All Your Friends Are Getting Hooked To The Sarahah App So Here’s Everything You Need To Know

Shabdita Pareek

We’re living in a fast-changing world of the internet and it’s not easy to keep pace with it. Before you can catch up with one trend, it throws a new one at you. Recently, you might have noticed your Facebook wall being taken over by a glut of urls and screenshots pertaining to a website called ‘Sarahah’.  

Remember just a few years ago there were Facebook Confessions Page mushrooming everywhere on Facebook? Sarahah is an extension of that concept, with a little more personal touch. 

The latest fad among social media users, Sarahah is totally worth the hype for its central theme of anonymity which lets people share their thoughts and feelings without disclosing their identity. 

thesun.co.uk

How it works

To embark on this journey of anonymous confessions, you have to download the app and create an account. It’s available on both Google Play and App Store. Once you’ve created an account, you’ll receive a custom URL which will direct your friends to the page where they can send you messages. Anyone can open that link and leave you a message and you’ll never know who sent it unless the person chooses to write his/her name.  

It facilitates the exchange of messages that you wouldn’t want to tell someone to their face. 

Basically, no more sugar-coated words!

abc.net.au

Who created it?

Sarahah, which means ‘honesty’ in Arabic, was invented by a Saudi Arabian developer Zain al-Abidin Tawfiq. His aim towards creating this app was to give employees a platform where they can give their feedback to their bosses anonymously, without the fear that it’ll backfire. It was meant to give people an opportunity to constructively criticize each other.

The app first picked up in Saudi Arabia and is now trending in India as well. It has also gained popularity particularly among Snapchat users who are sharing their Sarahah links and screenshots of the messages.

As the app’s iTunes description reads:

It will help users “strengths and areas for improvement by receiving honest feedback from [their] employees and [their] friends in a private manner.”

kukira.us

Risk of cyber bullying

Anonymity, which is the USP of this app, has also gotten people, especially parents of youth and teenagers worried.
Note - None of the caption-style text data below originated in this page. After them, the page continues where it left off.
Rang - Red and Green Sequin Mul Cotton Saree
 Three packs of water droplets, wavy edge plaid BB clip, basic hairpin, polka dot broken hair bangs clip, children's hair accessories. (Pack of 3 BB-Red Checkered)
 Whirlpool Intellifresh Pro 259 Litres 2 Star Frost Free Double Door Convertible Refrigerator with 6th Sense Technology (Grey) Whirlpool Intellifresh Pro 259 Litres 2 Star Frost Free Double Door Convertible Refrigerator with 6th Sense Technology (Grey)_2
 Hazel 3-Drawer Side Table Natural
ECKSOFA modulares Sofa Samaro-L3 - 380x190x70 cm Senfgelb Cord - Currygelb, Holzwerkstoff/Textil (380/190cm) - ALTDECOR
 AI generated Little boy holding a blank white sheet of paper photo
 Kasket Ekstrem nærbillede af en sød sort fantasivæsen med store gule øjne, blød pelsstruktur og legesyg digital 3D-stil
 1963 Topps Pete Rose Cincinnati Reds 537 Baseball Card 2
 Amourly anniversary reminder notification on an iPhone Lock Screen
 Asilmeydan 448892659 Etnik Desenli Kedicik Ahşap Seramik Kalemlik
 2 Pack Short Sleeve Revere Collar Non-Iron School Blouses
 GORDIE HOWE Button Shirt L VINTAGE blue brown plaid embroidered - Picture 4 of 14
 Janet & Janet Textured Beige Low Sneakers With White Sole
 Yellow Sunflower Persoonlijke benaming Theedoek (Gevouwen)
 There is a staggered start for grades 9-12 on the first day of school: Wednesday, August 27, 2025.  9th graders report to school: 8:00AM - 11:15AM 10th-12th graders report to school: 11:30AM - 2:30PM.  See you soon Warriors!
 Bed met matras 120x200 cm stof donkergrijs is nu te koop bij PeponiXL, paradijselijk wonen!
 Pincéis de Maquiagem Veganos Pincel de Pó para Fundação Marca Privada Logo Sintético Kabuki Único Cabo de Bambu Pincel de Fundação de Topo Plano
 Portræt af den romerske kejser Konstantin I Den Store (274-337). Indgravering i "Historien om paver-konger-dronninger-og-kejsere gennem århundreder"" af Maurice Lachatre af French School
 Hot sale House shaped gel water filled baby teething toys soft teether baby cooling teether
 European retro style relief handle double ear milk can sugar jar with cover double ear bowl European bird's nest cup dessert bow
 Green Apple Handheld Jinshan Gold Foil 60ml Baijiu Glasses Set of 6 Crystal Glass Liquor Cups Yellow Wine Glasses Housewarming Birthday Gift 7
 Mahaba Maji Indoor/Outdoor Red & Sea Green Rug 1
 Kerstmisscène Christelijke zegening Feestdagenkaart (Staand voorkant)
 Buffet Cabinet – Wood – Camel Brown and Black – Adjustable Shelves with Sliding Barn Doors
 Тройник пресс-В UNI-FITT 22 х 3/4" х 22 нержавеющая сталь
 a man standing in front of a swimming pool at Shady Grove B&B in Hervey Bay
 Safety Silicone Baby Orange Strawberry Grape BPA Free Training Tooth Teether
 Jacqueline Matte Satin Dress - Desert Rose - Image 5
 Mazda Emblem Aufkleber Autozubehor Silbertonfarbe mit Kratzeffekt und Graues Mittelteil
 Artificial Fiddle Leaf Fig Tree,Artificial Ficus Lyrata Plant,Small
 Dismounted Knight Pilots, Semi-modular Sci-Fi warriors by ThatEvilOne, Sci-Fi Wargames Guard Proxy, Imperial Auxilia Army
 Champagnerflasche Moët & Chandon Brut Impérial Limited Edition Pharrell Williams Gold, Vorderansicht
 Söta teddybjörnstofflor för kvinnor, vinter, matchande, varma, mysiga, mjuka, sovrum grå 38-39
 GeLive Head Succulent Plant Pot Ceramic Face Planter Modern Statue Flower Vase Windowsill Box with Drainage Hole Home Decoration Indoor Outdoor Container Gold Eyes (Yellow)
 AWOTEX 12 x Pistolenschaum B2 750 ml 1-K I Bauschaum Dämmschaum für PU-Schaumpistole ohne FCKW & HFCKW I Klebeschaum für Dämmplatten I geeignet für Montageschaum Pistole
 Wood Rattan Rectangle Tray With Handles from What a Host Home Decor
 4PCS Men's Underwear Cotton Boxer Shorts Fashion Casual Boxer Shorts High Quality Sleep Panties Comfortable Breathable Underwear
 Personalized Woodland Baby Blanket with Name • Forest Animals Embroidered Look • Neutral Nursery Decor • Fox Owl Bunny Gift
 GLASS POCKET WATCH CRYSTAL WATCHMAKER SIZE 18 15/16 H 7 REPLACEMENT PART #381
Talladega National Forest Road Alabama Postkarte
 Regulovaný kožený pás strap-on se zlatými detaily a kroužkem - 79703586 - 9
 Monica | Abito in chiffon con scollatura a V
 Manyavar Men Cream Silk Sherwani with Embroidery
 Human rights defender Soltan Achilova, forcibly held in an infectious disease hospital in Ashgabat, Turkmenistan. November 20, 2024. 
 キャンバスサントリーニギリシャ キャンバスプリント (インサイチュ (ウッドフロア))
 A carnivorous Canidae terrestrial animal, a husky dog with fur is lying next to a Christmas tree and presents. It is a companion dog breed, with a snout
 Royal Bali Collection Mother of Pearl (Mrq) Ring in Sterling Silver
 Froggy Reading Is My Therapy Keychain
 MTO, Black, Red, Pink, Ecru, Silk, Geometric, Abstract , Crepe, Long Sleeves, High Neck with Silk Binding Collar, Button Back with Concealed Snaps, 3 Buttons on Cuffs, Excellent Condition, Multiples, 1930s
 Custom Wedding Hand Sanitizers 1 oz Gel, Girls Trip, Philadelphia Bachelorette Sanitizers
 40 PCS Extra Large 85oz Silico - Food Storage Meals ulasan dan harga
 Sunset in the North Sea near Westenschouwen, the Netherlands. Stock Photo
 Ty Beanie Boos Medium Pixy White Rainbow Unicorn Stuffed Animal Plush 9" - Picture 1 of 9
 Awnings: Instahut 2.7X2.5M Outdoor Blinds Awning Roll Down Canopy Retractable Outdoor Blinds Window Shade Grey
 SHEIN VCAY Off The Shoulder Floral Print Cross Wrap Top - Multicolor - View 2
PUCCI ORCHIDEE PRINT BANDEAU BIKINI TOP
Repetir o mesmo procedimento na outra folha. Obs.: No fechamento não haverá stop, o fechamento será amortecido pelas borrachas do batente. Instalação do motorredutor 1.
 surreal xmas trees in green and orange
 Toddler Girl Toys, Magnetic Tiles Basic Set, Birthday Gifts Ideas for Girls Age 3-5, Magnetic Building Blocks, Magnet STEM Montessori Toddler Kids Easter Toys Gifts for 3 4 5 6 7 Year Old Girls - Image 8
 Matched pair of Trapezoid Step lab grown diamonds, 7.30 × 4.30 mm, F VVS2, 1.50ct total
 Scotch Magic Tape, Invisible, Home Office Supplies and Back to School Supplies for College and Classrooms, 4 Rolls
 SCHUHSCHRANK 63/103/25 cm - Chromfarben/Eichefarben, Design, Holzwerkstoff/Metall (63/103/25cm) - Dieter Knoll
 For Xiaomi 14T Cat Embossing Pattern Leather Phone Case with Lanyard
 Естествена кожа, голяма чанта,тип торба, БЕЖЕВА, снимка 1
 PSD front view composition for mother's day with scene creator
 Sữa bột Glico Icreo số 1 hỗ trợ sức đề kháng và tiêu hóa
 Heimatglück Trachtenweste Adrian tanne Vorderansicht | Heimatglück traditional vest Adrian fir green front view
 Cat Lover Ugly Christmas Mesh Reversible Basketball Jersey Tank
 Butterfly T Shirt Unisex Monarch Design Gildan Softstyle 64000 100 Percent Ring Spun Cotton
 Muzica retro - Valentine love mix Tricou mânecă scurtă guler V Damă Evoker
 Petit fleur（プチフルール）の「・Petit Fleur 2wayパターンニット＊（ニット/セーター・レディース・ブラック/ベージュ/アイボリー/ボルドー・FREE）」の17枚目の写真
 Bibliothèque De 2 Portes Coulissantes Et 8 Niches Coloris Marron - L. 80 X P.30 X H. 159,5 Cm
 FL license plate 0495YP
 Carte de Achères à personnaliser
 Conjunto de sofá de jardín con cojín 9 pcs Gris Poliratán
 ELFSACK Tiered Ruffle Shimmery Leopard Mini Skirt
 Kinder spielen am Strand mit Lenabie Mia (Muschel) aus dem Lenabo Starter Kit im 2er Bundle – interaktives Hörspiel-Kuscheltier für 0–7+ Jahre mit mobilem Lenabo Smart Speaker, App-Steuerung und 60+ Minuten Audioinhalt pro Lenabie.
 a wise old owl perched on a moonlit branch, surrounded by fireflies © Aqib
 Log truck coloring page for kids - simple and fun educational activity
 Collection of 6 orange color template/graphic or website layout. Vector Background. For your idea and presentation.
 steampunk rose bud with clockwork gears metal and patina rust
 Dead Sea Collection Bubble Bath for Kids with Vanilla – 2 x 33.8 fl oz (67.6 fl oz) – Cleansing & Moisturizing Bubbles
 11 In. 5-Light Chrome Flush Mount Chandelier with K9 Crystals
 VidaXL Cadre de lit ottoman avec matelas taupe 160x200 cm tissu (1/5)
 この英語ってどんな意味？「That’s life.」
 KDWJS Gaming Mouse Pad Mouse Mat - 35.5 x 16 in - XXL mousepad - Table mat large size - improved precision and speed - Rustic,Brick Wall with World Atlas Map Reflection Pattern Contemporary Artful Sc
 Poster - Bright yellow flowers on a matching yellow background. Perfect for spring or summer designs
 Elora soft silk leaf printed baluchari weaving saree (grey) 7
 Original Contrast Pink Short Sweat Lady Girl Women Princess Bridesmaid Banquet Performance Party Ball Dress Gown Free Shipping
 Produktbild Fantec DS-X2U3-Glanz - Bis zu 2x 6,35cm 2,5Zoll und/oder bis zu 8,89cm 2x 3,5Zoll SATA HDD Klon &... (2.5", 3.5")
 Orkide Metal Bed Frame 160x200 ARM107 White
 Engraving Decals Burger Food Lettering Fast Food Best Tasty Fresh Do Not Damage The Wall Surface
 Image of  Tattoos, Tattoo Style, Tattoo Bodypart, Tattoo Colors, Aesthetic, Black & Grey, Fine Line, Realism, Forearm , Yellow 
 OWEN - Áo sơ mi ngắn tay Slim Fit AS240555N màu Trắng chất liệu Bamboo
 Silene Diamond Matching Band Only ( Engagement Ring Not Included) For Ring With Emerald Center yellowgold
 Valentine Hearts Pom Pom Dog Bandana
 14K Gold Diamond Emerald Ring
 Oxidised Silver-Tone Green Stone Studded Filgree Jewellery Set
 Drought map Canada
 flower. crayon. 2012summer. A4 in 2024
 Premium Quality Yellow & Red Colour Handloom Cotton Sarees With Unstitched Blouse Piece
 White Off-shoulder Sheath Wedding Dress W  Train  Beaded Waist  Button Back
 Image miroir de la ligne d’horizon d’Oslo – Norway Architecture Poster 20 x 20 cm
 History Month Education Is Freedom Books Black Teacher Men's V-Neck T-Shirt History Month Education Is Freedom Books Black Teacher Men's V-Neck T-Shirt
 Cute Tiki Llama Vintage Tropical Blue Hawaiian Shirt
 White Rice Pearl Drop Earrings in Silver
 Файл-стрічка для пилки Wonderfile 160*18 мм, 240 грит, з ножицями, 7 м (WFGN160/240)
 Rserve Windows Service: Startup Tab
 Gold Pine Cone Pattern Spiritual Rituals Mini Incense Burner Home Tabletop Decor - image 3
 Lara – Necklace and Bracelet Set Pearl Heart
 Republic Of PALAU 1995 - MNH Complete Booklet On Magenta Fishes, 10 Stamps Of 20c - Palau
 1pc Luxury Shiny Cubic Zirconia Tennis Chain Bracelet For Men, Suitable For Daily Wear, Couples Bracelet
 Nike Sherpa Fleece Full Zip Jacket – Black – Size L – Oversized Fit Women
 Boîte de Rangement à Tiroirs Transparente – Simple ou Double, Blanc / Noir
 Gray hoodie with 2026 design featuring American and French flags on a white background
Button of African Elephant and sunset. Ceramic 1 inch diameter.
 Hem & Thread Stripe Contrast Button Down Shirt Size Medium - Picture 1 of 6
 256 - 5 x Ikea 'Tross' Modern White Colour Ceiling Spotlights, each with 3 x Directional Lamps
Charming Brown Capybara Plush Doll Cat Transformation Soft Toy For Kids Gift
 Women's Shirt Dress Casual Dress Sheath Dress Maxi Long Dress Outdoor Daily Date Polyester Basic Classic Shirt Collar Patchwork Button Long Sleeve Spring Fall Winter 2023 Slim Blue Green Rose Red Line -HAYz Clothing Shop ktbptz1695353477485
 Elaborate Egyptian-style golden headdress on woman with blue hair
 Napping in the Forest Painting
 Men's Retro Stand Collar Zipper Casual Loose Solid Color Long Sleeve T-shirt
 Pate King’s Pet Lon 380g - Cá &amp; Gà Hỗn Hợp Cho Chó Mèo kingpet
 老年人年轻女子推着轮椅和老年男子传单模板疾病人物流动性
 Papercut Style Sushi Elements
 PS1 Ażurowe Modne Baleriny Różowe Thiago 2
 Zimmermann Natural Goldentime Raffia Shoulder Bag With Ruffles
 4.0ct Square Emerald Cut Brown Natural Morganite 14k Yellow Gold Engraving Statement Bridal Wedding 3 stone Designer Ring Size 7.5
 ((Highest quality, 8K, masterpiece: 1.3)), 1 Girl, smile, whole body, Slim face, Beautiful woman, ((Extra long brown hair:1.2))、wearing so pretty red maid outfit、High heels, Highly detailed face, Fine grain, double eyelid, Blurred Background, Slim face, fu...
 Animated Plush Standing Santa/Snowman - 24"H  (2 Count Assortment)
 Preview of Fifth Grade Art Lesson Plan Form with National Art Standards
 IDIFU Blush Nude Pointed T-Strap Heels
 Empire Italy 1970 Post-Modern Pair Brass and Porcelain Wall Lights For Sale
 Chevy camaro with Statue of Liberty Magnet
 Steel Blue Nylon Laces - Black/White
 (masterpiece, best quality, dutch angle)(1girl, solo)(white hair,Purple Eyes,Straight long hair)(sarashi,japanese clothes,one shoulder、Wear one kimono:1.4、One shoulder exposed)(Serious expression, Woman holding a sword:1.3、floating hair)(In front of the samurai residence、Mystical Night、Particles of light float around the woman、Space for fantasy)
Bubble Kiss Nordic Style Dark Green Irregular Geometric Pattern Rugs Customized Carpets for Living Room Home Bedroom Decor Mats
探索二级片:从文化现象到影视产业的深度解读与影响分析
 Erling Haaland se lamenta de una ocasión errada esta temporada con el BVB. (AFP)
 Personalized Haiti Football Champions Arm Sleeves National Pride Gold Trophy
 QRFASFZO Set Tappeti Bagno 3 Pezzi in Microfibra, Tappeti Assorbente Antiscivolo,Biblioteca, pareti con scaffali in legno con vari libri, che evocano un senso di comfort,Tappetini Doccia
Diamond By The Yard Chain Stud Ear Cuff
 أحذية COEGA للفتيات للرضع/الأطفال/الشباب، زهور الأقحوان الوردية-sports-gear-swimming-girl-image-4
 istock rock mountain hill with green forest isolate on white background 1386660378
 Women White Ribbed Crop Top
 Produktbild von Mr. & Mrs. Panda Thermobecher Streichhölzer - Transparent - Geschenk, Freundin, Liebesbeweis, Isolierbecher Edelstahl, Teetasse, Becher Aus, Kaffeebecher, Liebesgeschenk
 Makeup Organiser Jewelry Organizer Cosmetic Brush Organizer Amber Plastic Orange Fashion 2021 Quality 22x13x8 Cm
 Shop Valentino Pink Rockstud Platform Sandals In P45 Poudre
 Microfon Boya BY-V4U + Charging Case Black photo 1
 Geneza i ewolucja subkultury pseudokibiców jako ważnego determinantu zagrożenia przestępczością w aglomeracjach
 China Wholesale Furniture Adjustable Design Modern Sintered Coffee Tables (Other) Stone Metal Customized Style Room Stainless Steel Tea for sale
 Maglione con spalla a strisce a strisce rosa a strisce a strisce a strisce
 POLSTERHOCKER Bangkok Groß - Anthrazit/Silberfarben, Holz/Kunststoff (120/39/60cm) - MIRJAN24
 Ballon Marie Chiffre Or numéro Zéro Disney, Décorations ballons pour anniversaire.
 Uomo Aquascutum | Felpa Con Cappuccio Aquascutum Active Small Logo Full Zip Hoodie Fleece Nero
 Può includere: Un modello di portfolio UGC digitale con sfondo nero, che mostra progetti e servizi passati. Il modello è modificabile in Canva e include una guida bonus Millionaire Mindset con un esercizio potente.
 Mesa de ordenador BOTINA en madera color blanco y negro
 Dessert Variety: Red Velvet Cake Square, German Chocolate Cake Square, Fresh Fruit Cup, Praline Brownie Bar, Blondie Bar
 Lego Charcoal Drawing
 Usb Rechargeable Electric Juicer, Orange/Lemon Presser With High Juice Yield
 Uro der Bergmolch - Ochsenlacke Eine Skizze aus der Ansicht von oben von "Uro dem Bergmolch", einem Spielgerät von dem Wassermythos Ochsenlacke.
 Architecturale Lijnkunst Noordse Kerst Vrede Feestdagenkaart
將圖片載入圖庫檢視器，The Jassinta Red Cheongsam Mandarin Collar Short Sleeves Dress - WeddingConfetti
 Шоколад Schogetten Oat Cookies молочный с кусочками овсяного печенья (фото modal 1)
Currently the number 1 free iPhone app on iTunes, Sarahah has quite obviously raised concerns about cyber bullying. 

As reported by the Australian Broadcasting Corporation, cyber safety expert Leonie Smith opines:

Any messaging app or social media app that markets itself as being a place to post anonymous messages or posts will lend itself to anonymous bullying,” cyber safety expert Leonie Smith said.
mashable.com

But for now, Sarahah seems like a cool app to use.